We’ll tackle “standard” first, since it’s the easiest. What moral standard does the Bible provide? Do we take our morals only from the explicit commandments, or should we learn by example from the various heroes and virtuous people?

If we are to learn only from the explicit commandments, then we run into a problem right away: there are an awful lot of apparent moral quandaries that never get discussed in the Bible. Are there moral implications of genetic engineering? Cybernetics? Overpopulation? Pollution? Birth control? Phone sex? Organ transplants? Euthanasia? Where the Bible touches on these issues, it does so only in the most broad, vague, and tangential fashions; there are no specific instructions on whether or not children should be given mood-altering drugs, no specific answers to questions about the introduction of novel organisms into foreign ecosystems. Are we to assume that the only moral issues are the ones that the Bible discusses directly? Is the choice to vaccinate your child morally neutral and equivalent to the choice to leave them unvaccinated? These are serious questions of real-life issues, on which the Bible is silent, preferring instead to tell us how best to combine goats and milk (Ex. 34:26) and the taxonomy of eunuchs (Mt. 19:12). Is there really no morally preferable choice in any of those situations?

So, perhaps we are meant to also learn from example. If that’s the case, then what lessons should we take away from the heroes’ stories? Take Jephthah, for instance. He makes a deal with God that if God helps him win in battle against the Ammonites, then he’ll sacrifice the first thing that comes through his doorway when he returns home. Naturally, after the successful battle, his daughter comes out to greet him. There’s no Abraham/Isaac cop-out in this story: Jephthah follows through with his promise to God. So do we read this story as a cautionary tale about the price of testing God, or do we read it as a positive example of what the faithful should be willing to do in the name of the Lord? There’s enough material outside the story to support both interpretations; which moral should we be receiving?

We could find similar quandaries with any number of Biblical characters–Joseph, Elisha, Solomon, Samson, etc.–maybe we shouldn’t be learning from all of their examples. So which characters should we be learning from? I suspect that Christians would say we ought not be following in the footsteps of Thomas, refusing to believe in the extraordinary until extraordinary evidence is provided to support the claims (despite the corroborating commandment of 1 Thessalonians 5:21). There are a litany of characters who are willing–even eager–to sacrifice their children based on God’s say-so, from Lot to Abraham to Jephthah to Yahweh, which suggests to me that according to Biblical morals, there’s nothing wrong with what Deanna Laney or Andrea Yates Dena Schlosser did*. Or perhaps we shouldn’t be learning from those particular examples. And what about the big guy himself? Should we be taking lesssons from God’s actions, or is he a “do as I say, not as I do” sort of father figure? After all, God does some pretty nasty stuff over the course of the Bible, commanding and committing genocide and inflicting plagues and so forth.

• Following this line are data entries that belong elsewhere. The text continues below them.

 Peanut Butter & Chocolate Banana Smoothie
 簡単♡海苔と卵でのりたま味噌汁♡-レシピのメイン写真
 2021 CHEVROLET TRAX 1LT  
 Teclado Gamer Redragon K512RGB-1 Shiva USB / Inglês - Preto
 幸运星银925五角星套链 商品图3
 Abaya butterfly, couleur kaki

Even the “do as I say” bit is difficult, given all the places where God issues direct commands that conflict with earlier laws and commandments (such as the various exhortations to kill women and children, contradicting the whole “thou shalt not murder” bit). Do you do as he said before, or as he’s saying now–what was written in stone, or what was given in a vision? This would be a lot easier if each of the real commandments started with “Simon Says.”

Hitting on that point of contradictory commandments, we see quite a few such things throughout the Bible. There are places where some moral imperatives issued by the book contradict others, there are places where heroes’ explicit flaunting of those imperatives is cast in a positive light, and then there are places where God issues edicts that directly conflict with previously-issued laws and edicts. How can we call this set of morals a “standard” if it is internally inconsistent, and if God can change it on a whim? Or is the only standard “what God says goes”? If it’s the latter point, then how do we determine what God’s message is, given contradictory passages in the Bible and stories with ambiguous moral teachings? How do we distinguish between actual commands from God and paranoid delusions? After all, Dena Schlosser believed that God had told her to cut off her daughter’s arms, which isn’t exactly out of character for the God of the Bible (Mark 9:43, for instance); can we say with any degree of certainty whether or not she was actually receiving instructions from Yahweh?

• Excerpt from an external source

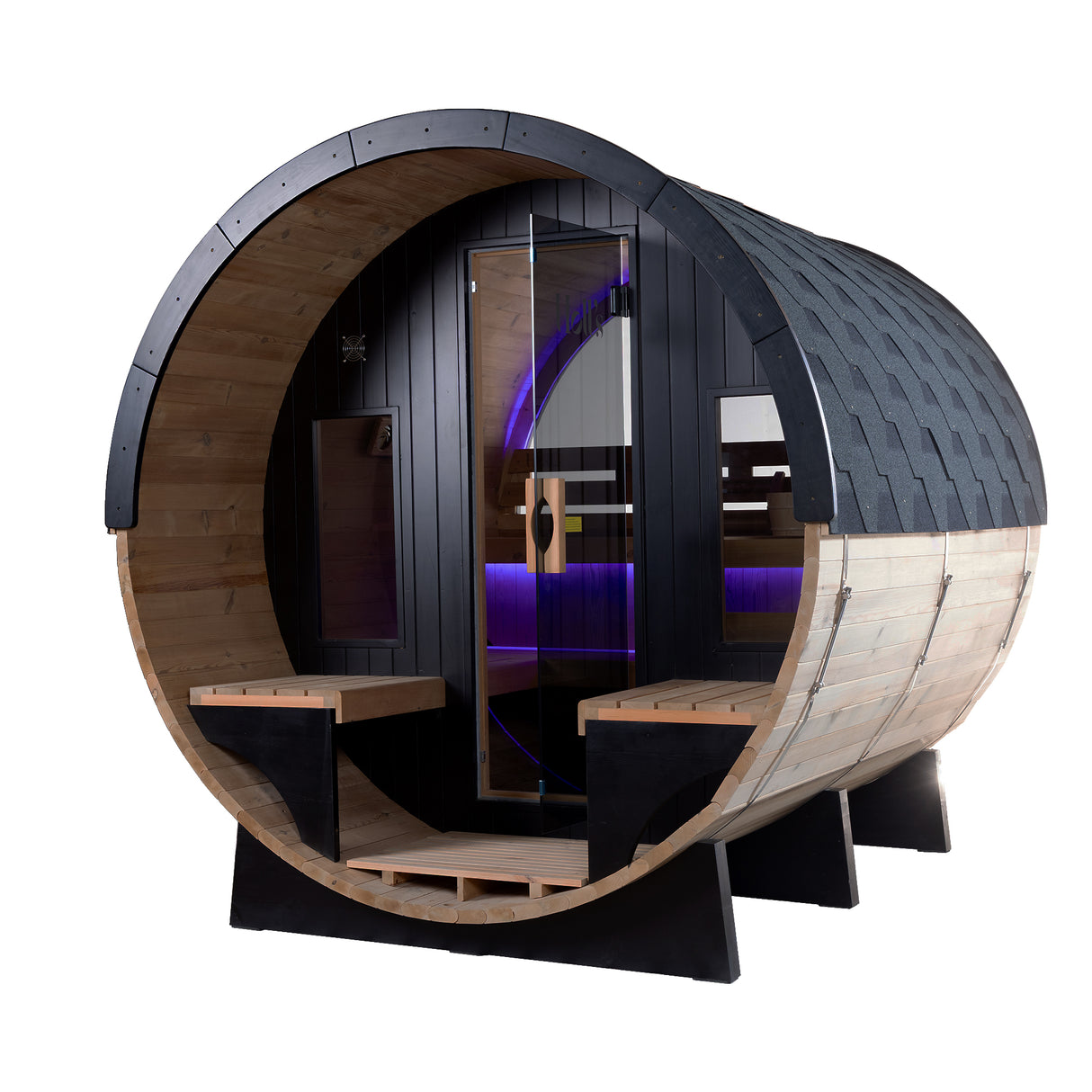 Holl´s Orphee Lounge 240  Traditional Sauna inclus poele 8kW et pierres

This segues nicely into the issue of objectivity**. In short, there isn’t any. In long, we have to make some distinctions here. Let’s say, for the sake of argument, that there is an omnipotent universe-creating God who has some idea of morality in his big giant head, and cares whether or not we follow it. To this end, he communicates with some Middle Eastern nomads through bushes and tablets, plays some role in their writing of a bunch of books full of teachings and laws, then later comes down himself to tell stories and make pronouncements which also eventually get written down. At this point, we could conceivably have three distinct moral codes: What-God-Thinks, What-God-Said, and What-Got-Recorded. In any human communication, these three things would be different–perhaps only subtly, but certainly different. What one thinks might be more nuanced and detailed than what one says, which may lose some inflection or connotation in the transition to writing (or may gain additional ones through the addition of punctuation and other conventions), not to mention that the writers are filtering what-one-says through their own perceptions. But, for the sake of simplicity, we’ll assume that God is super-awesome and communicated everything pertinent about his thoughts on morality to his various followers, who recorded these thoughts accurately–to make things simple (too late), we’ll assume that the Bible (as it was written) accurately and completely represents God’s moral codes, that What-God-Thinks and What-Got-Recorded are the same.

That’s all well and good, but it’s certainly not the end of the story. Even assuming that God is perfect and infallible and a fantastic communicator, and assuming that his secretaries were all very thorough and accurate, the morals aren’t doing much good until they’re read. The process of reading is where any lingering objectivity goes right out the window. I’ll refer you to my post on communication for the lengthy discussion. Suffice it to say, each person who reads the Bible is going to read it in the particular context of their own knowledge, culture, and experiences. These contextual differences are going to have profound impacts on the message that the person receives***.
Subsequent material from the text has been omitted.